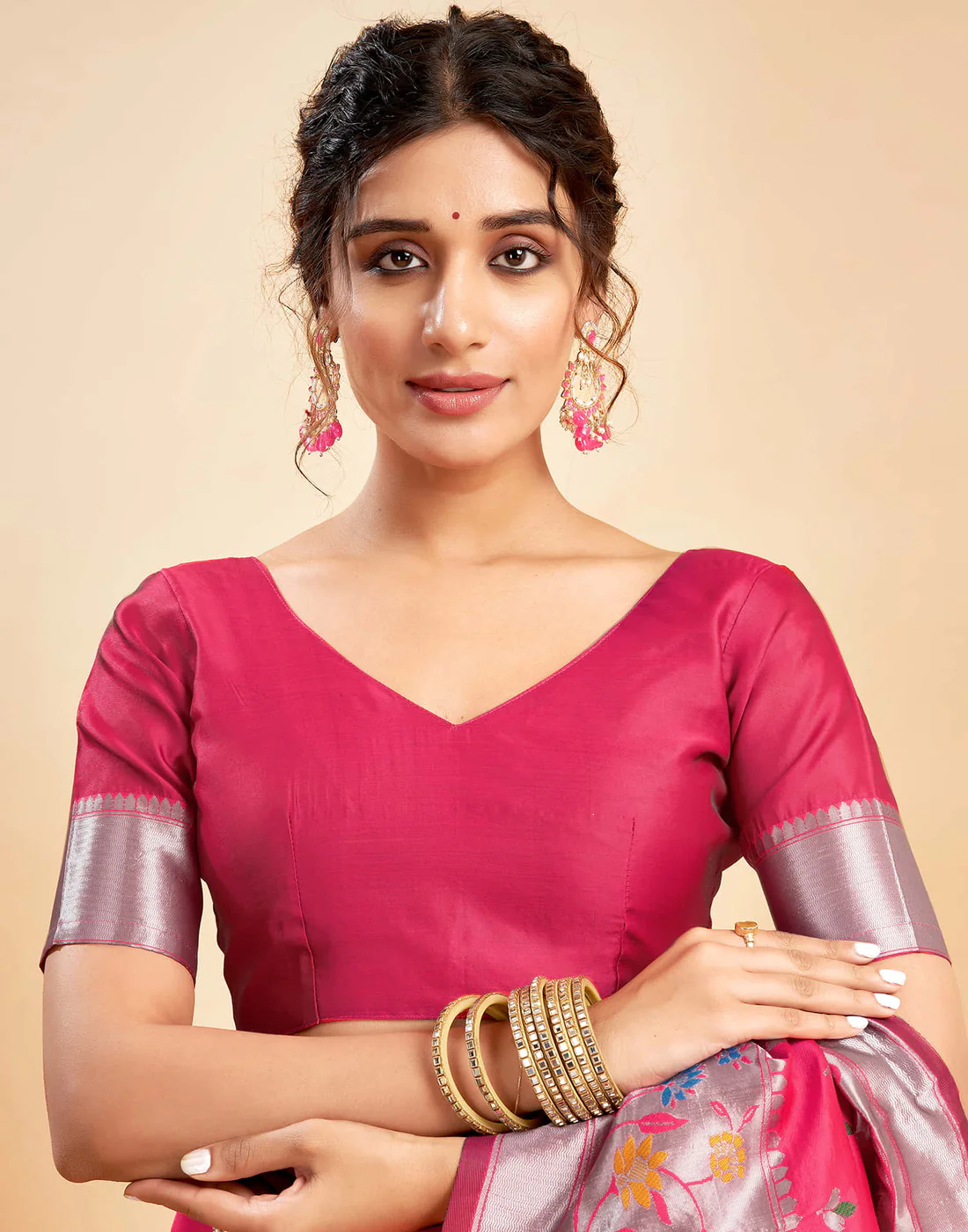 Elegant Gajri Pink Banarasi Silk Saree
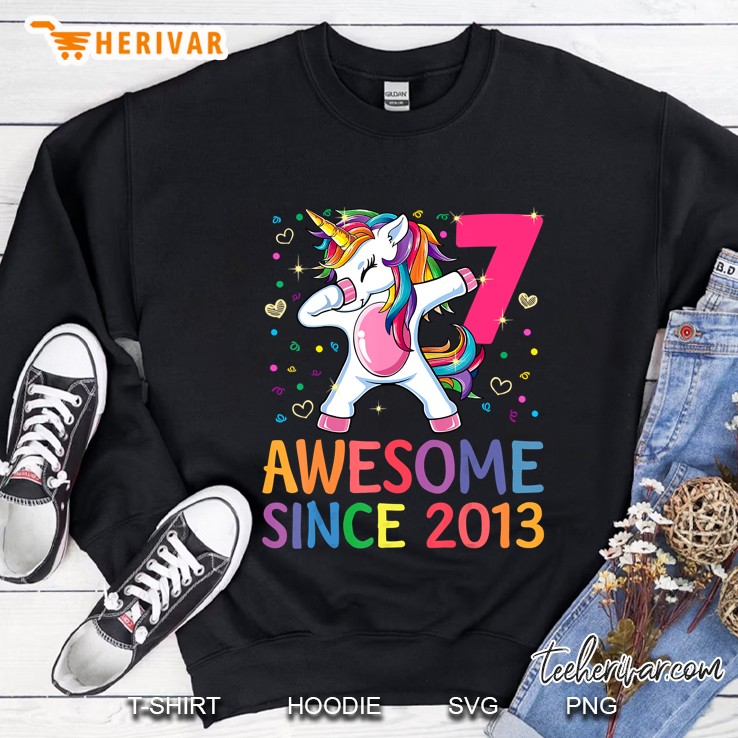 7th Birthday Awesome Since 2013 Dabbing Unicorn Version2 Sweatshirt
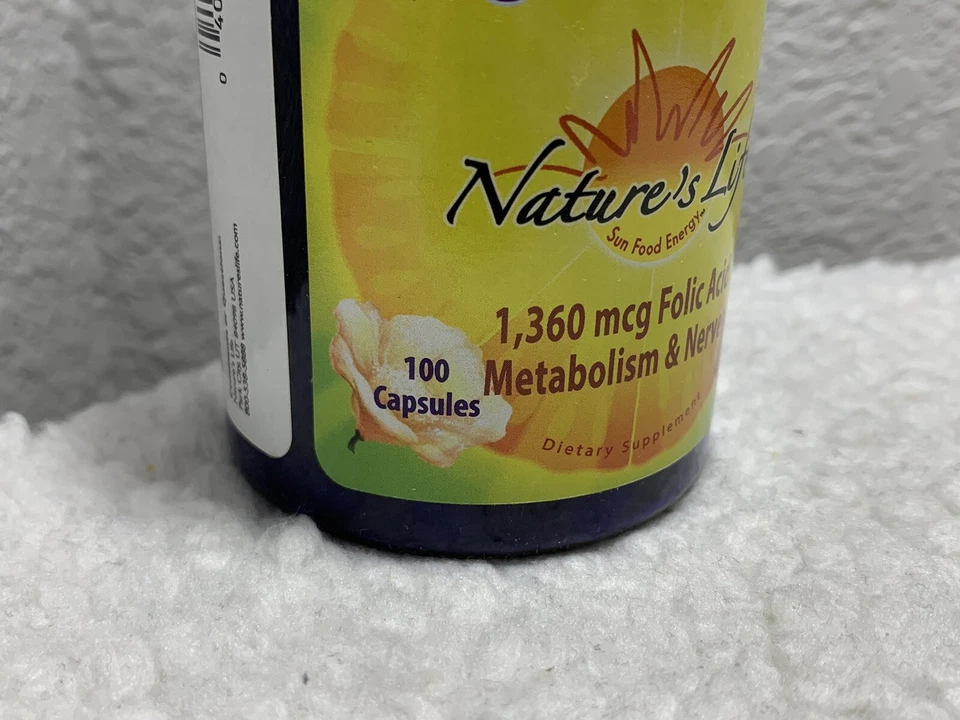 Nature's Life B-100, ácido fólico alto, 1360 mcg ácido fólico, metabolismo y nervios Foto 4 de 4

WORK TASK → Once the pictures are set aside, repeat the data above exactly.

REPLY →
 Elegant Gajri Pink Banarasi Silk Saree
 7th Birthday Awesome Since 2013 Dabbing Unicorn Version2 Sweatshirt
 Nature's Life B-100, ácido fólico alto, 1360 mcg ácido fólico, metabolismo y nervios Foto 4 de 4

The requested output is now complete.